Evidências recentes sugerem que ciclos químicos semelhantes aos da Terra ocorrem em menor escala em Marte, facilitados pela atmosfera tênue, incluindo ciclos de dióxido de carbono (e possivelmente carbono),[10] água,[11] enxofre,[12] metano,[13] oxigênio,[14] ozônio[15] e nitrogênio.[16] Estudos apontam para ciclos químicos significativamente mais ativos em Marte no passado, embora o paradoxo do jovem Sol fraco tenha sido um desafio para determinar os ciclos químicos envolvidos nos modelos climáticos iniciais do planeta.[17]
Júpiter

Júpiter, como todos os gigantes gasosos, possui um ciclo de metano atmosférico.[18] Estudos recentes indicam um ciclo hidrológico de água-amoníaco muito diferente do tipo que opera em planetas terrestres como a Terra, além de um ciclo de sulfeto de hidrogênio.[18][19]
Ciclos químicos significativos existem nas luas de Júpiter. Evidências recentes apontam que Europa possui vários ciclos ativos, especialmente um ciclo da água. Outros estudos sugerem ciclos de dióxido de carbono induzidos por radiação e de oxigênio. Io e Europa apresentam ciclos de enxofre radiolíticos envolvendo suas litosferas. Além disso, Europa possui um ciclo de dióxido de enxofre. O toro de plasma de Io contribui para um ciclo de enxofre em Júpiter e Ganímedes. Estudos também indicam ciclos de oxigênio em Ganímedes e ciclos de dióxido de carbono radiolíticos em Calisto.
Saturn

Além do ciclo de metano de Saturno,[18] alguns estudos sugerem um ciclo de amoníaco induzido por fotólise, semelhante ao de Júpiter.[20]
Os ciclos de seus satélites são de particular interesse. Observações da missão Cassini–Huygens da atmosfera de Titã e suas interações com seu manto líquido indicam vários ciclos químicos ativos, incluindo ciclos de metano,[21] hidrocarbonetos,[22] hidrogênio[23] e carbono.[24] Encélado possui um ciclo hidrológico ativo, de silicatos e possivelmente de nitrogênio.[25][26]
Urano
Urano possui um ciclo de metano ativo.[27] O metano é convertido em hidrocarbonetos por fotólise, que condensam e, ao serem aquecidos, liberam metano que sobe para a alta atmosfera.
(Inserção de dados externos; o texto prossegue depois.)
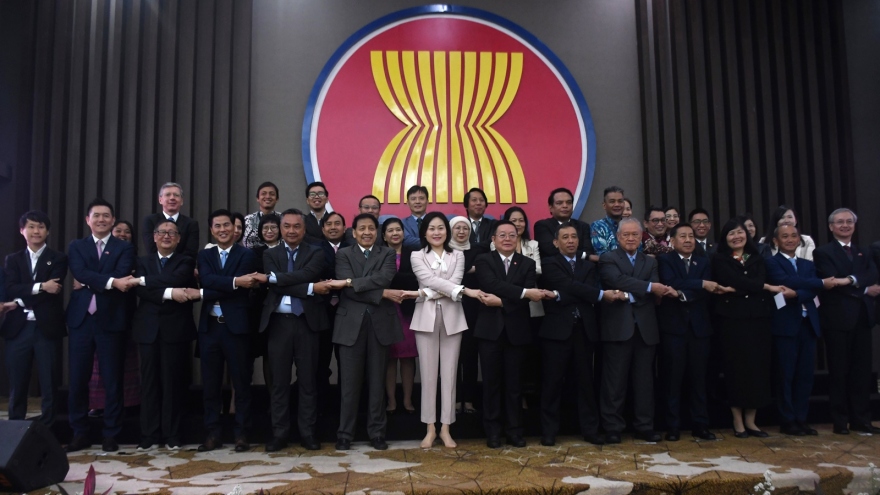 Quan hệ tương lai ASEAN-Trung Quốc hướng tới đối tác chiến lược thực chất hơn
Estudos de Grundy et al. (2006) indicam que ciclos de carbono ativos operam em Titânia, Umbriel, Ariel e Oberon por meio da sublimação e deposição contínua de dióxido de carbono, embora parte seja perdida para o espaço ao longo de longos períodos.[28]
Netuno
O calor interno e a convecção de Netuno impulsionam ciclos de metano,[18] carbono[29] e uma combinação de outros voláteis na litosfera de Tritão.[30]
Modelos previram a presença de ciclos sazonais de nitrogênio na lua Tritão,[31] mas isso ainda não foi corroborado por observações.
Sistema Plutão-Caronte
Modelos preveem um ciclo sazonal de nitrogênio em Plutão,[32] e observações da New Horizons parecem confirmar isso.